Task details
Without any of the pictures, transcribe all the lines below exactly.

Given information
Segment Open

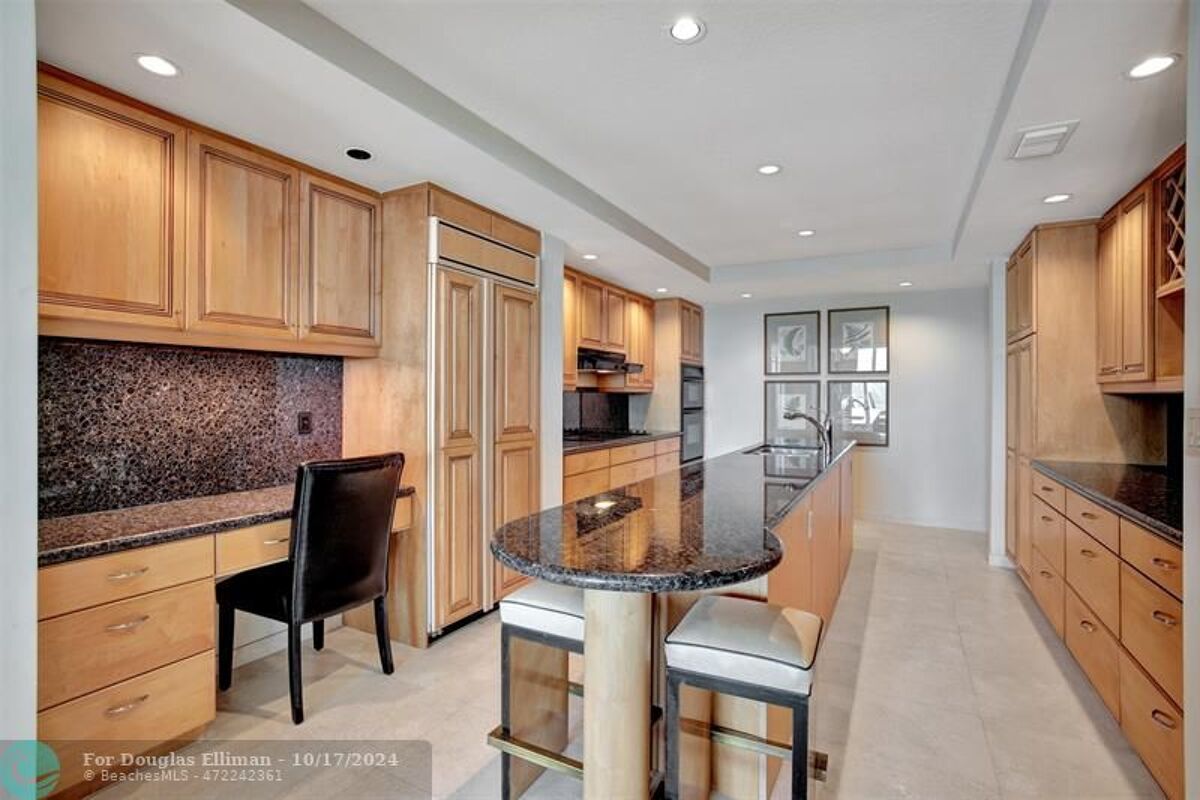 condominium for sale in 3055 Harbor Dr, 802 Fort Lauderdale, Florida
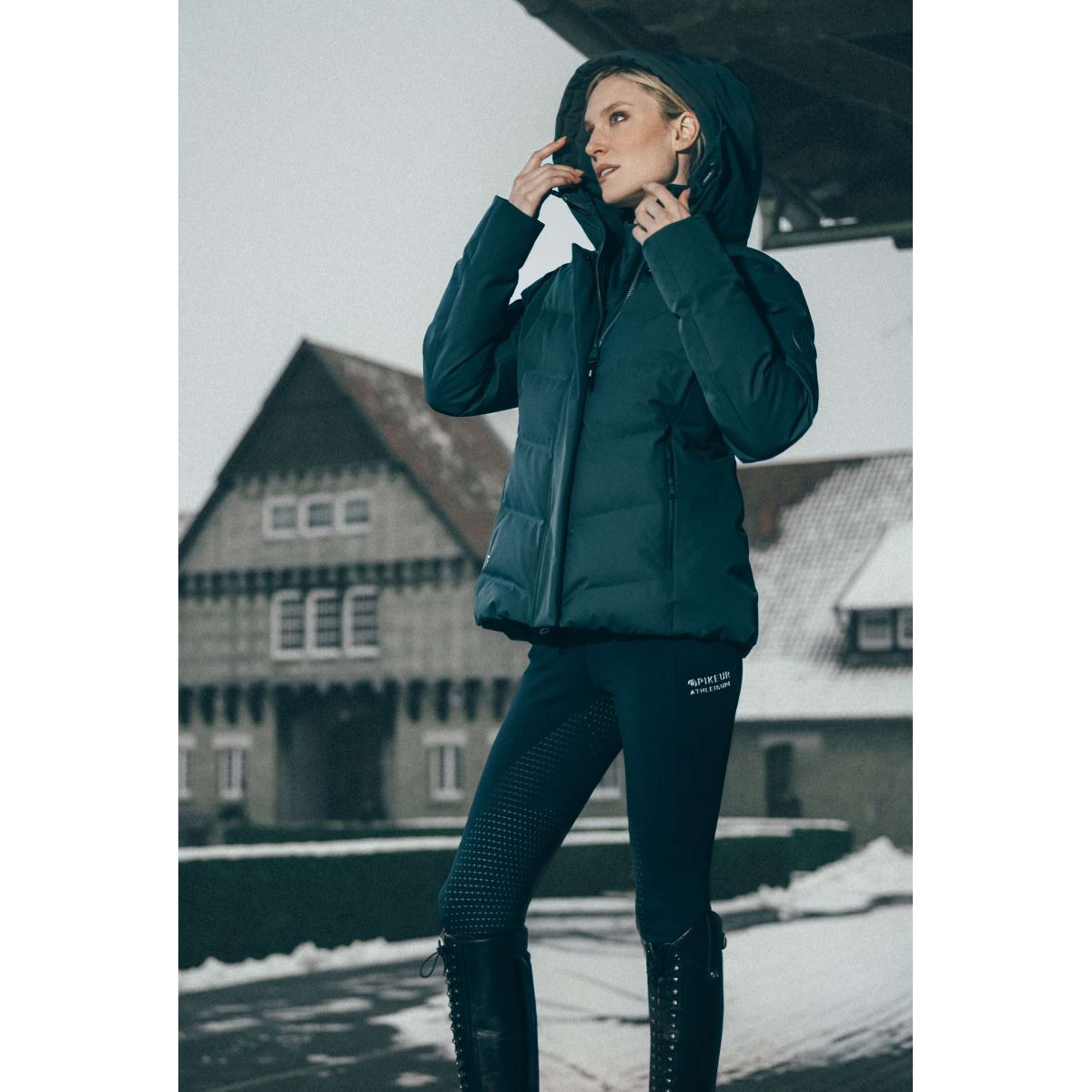 Pikeur Chaqueta Waterproof Athleisure AW26 Pine Green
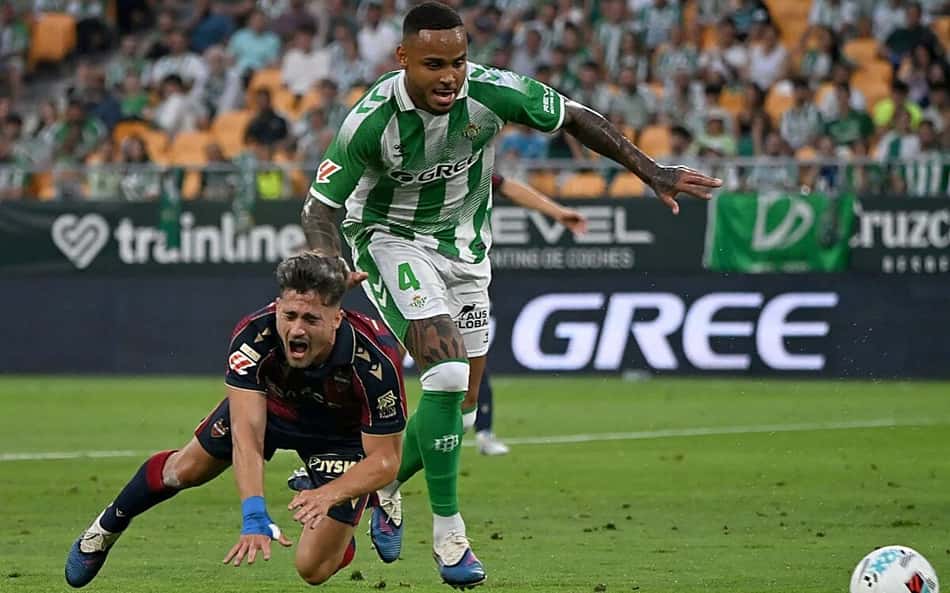 Natan disputa bola em jogo entre Betis e Levante, pela La Liga
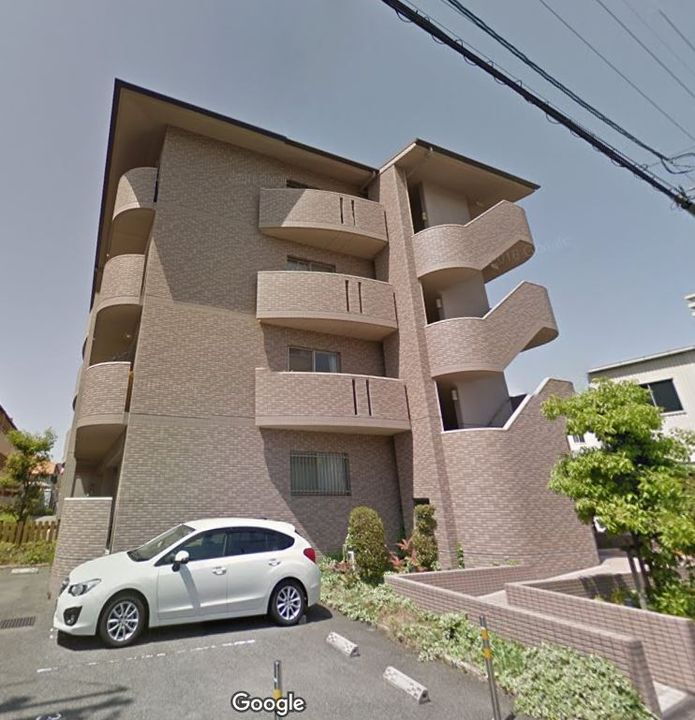 大阪府和泉市府中町２丁目 4階建 築24年9ヶ月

Segment Closed

Solution for this task
 condominium for sale in 3055 Harbor Dr, 802 Fort Lauderdale, Florida
 Pikeur Chaqueta Waterproof Athleisure AW26 Pine Green
 Natan disputa bola em jogo entre Betis e Levante, pela La Liga
 大阪府和泉市府中町２丁目 4階建 築24年9ヶ月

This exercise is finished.